EL HOMBRE DE LA PATA DE PALO

—Te lo explicaré una vez y no más, niño. No tengo por qué darle cuentas a nadie, y menos a un mocoso como tú. Aunque, bueno, tampoco quiero que tengas una idea equivocada. Para que lo sepas: no es el doctor Serejov quien va a venir dentro de un rato a casa. Se trata de una visita imprevista. Esta persona se encuentra en Petrogrado por asuntos de negocios, ¿comprendes? Le he contado lo de tu madre y quiere despedirse de ella. No creo que se quede más de media hora dadas las circunstancias, pero al saber que estabas aquí ha pedido conocerte. Por más que pienso, no se me ocurre por qué, pero C es así, completamente imprevisible, se le antoja cada cosa…

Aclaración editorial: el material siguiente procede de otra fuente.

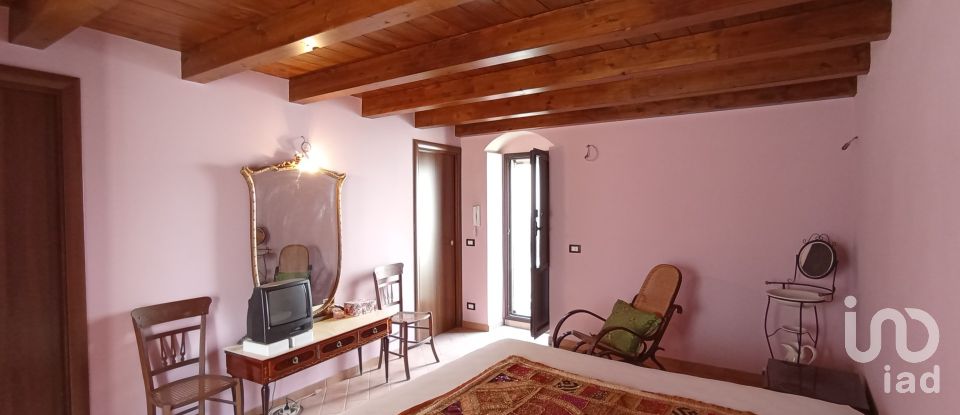 Casa indipendente 3 locali di 74 m² in Palazzolo Acreide (96010)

Eran las cinco de la tarde y me encontraba de vuelta en casa. Iba a ser nuestra última noche en Petrogrado antes de volver al hospital y Lara Aleksandrovna —que pensaba pasarla en casa de una hermana que vivía a un par de manzanas— había dicho que me recogería al día siguiente a las nueve en punto. Acababa de mostrarle a tía Nina el regalo de Rasputín y ella, al principio, escuchó con interés lo que le conté de nuestra visita. Pero debía de tener otras cosas en la cabeza porque enseguida me soltó la perorata que acabo de reproducir.

—Escúchame bien: llegado el momento, tú saludas a C como un muchacho bien educado, respondes a lo que te pregunte, que imagino que serán unas cuantas amabilidades formales, y luego te vas derechito al cuarto de tu madre para que podamos hablar a solas. ¿Me has comprendido, Lionechka?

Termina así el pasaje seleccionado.